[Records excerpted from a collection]

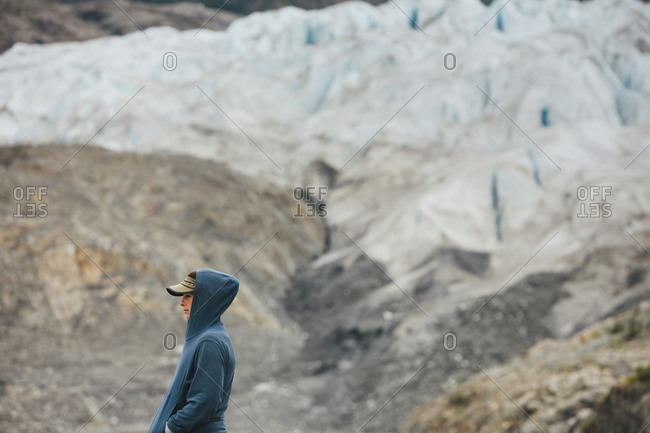 A young woman standing at the end of a glacier on a rocky shoreline in Alaska.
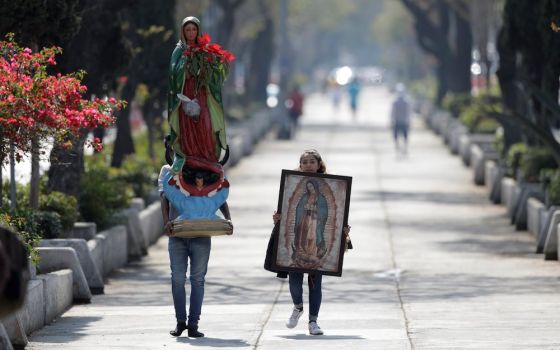Pilgrims carry a statue and image of Our Lady of Guadalupe near the basilica in her name in Mexico City Dec. 12, 2020, during the COVID-19 pandemic. The basilica was closed that day to avoid crowds during Our Lady of Guadalupe feast day celebrations. (CNS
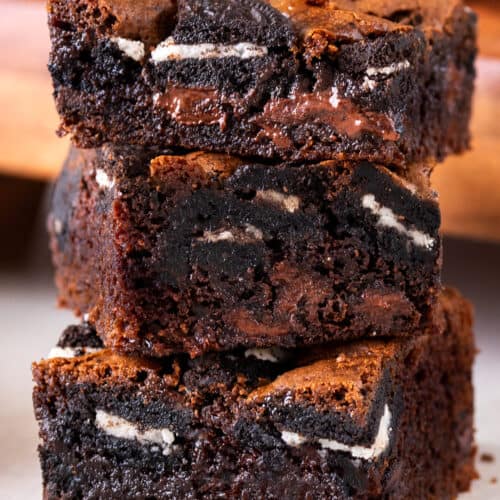 Fudgy Oreo Brownies with chocolate chips stacked high to show texture and oreo bits.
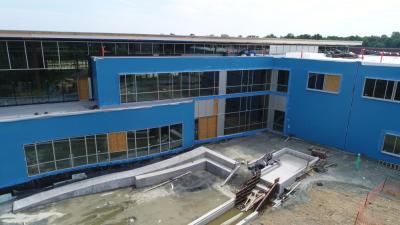 Construction updates: final exterior finishes and installation of rooftop solar panels.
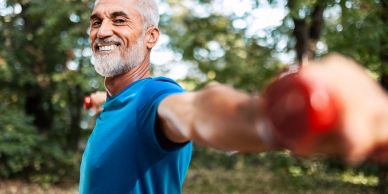 Older man exercising with red dumbbells outdoors.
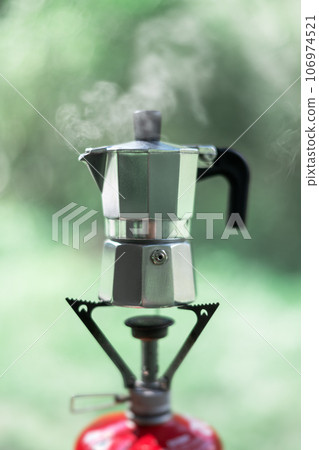Making coffee outdoors on gas camping fire Making coffee outdoors on gas camping fire 106974521
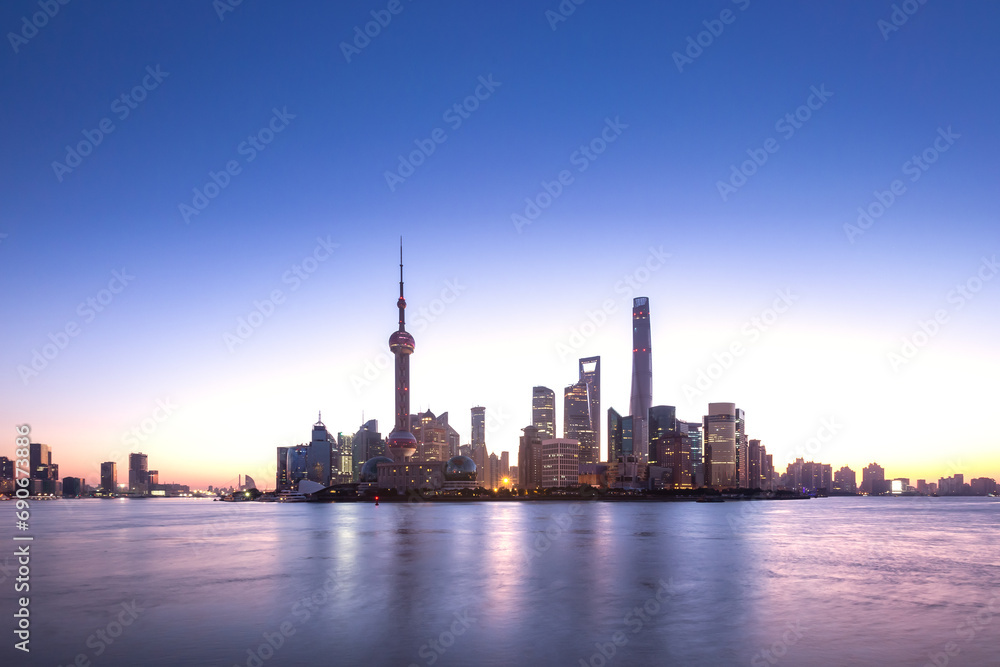 Shanghai skyline and cityscape at sunrise.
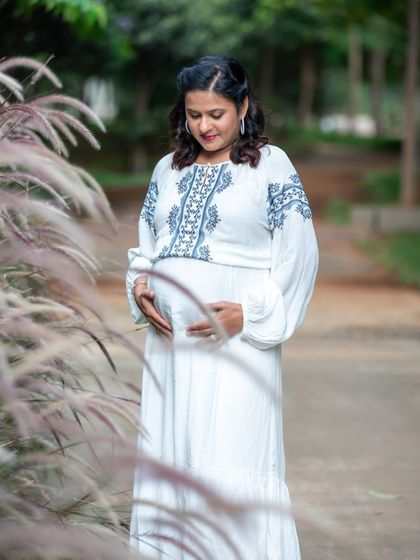 A serene outdoor portrait of a mom-to-be in a white embroidered dress, cradling her bump amidst tall, soft grasses.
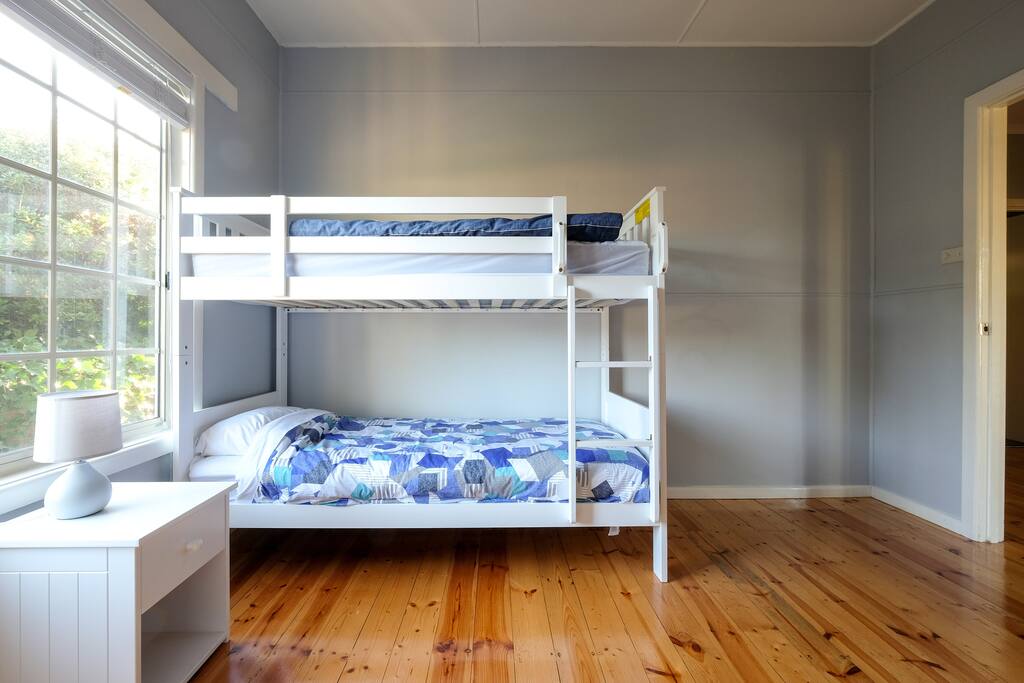 The second bedroom features a bunk bed, tallboy and wardrobes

Work to complete:
Leave every picture out and write out, word for word, the lines from the one that contains "Shanghai skyline and cityscape at sunrise." through the last line of the records.

Solution for this task:
 Shanghai skyline and cityscape at sunrise.
 A serene outdoor portrait of a mom-to-be in a white embroidered dress, cradling her bump amidst tall, soft grasses.
 The second bedroom features a bunk bed, tallboy and wardrobes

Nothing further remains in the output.